The issue I have is that I have a jungle of wires going into my breadboard.
Each component has a wire that needs to go to GND.
Is there a technique where I am supposed to wire each Negative lead to some type of junction and therefore only requiring a single negative wire to the breadboard ?
(This would eliminate about 40 wires into my breadboard)
Basically, keep all the negative power wires connected together and one wire going to the power negative. Keep all the negative signal wires together and one wire go to the Arduino ground.

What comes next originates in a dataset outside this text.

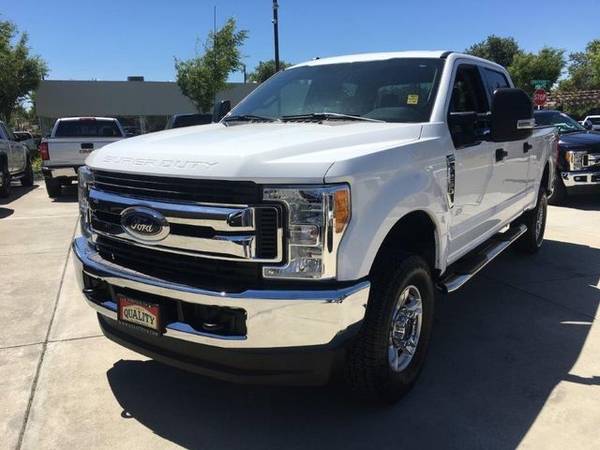 2017 Ford F250 Super Duty Crew Cab XLT Pickup 4D 6 3/4 ft WEEKEND... for sale in Roseville, CA – photo 7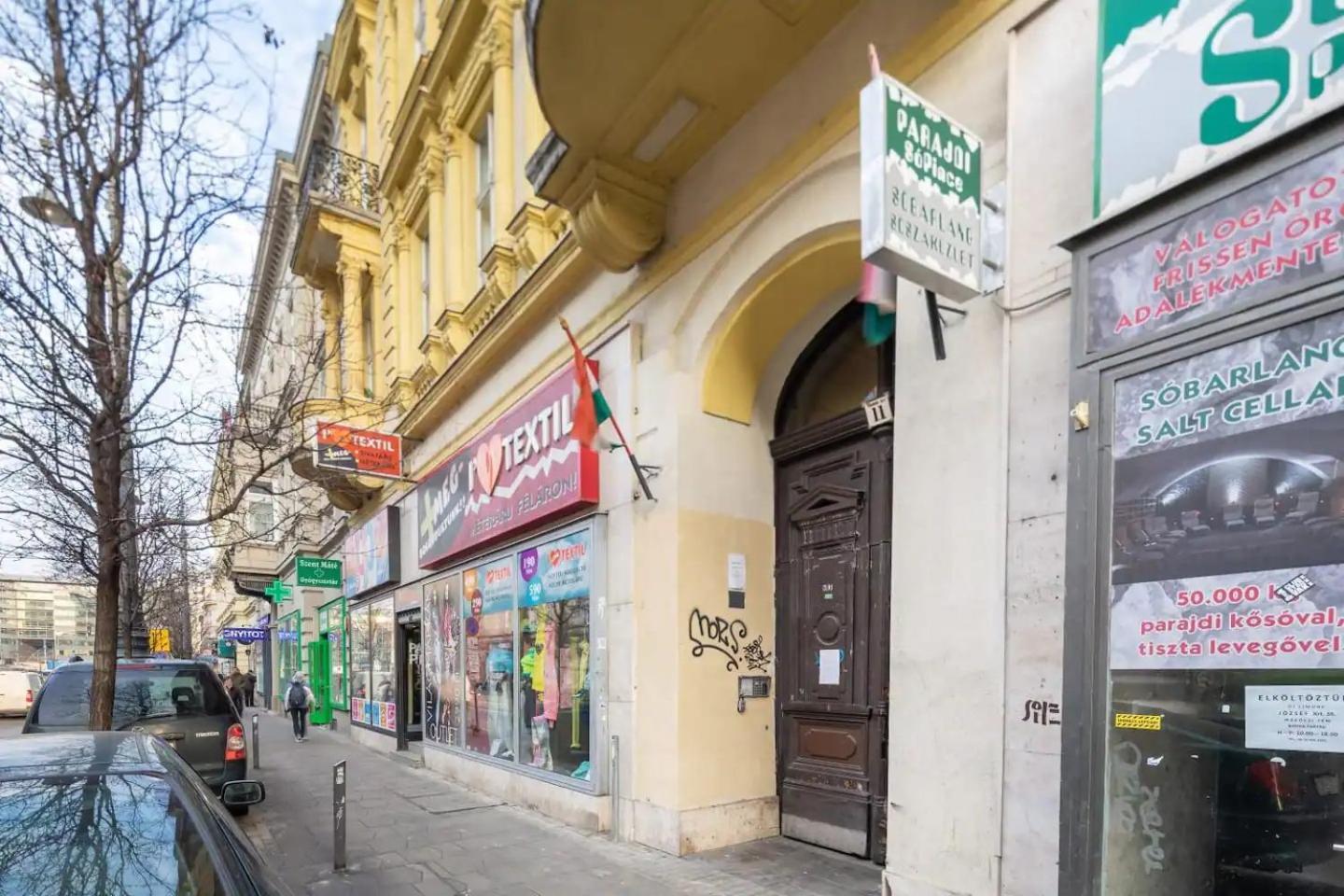 Vamhaz Boulevard Apartments Budapeste Exterior foto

Use one wire to connect the Arduino ground to the power source negative .
Things change if the power wires are carrying a lot of current.
essjaye:
Is there a technique where I am supposed to wire each Negative lead to some type of junction and therefore only requiring a single negative wire to the breadboard ?
Does your breadboard have power rails?
If it does, a single ground wire from the arduino to the "-" rail makes the rest of that rail available to all of the components on the board.
essjaye:
But how do I merge all the signal wires into one ?
Are you thinking signal ground or the actual wire with the signal? If the latter, then obviously they have to go from sensor to the chosen arduino pin.
For example if I had 20 buttons and 20 switches and that would result in 40 wires that would need to be connected to Negative rail on the breadboard and then that would be taken to the Arduino GND.
How do I merge the 40 Negative wires, so that only 1 wire needs to go the negative rail on the breadboard?
Perhaps it would help if you drew a wiring diagram (at least a partial, perhaps not all switches etc)
Draw it such that different areas of the diagram represent different of your project (i.e. panel, breadboard, indicator LEDs etc)
For you 20 switch example, as long as they don't carry power you can jump all the switches (one to the next etc) for ground. Leaving you with 21 wires to deal with.
Just connect the ground pins of all the switches to the nearest one, chaining them all together. Or make it a star. Or whatever suits your layout, as long as they're all connected. Then from one point you connect that web to the outgoing wire.
As you have 40 switches and buttons, you can reduce your total wire count to 13 by wiring them as button matrix (you will see all diagrams of buttons in a nice square, 5x8 or 6x7 would work for you, but of course that's just a diagram, they don't have to be arranged like that - just wired like that). To be able to detect every individual one you will have to add a diode to each switch. Sparkfun has a good tutorial explaining the basics of matrixes.
Still too many? You can reduce the wire count to just 7 by charlieplexing your buttons, but now the reading (and wiring) of the buttons becomes a lot more complex than if you were simply using a matrix.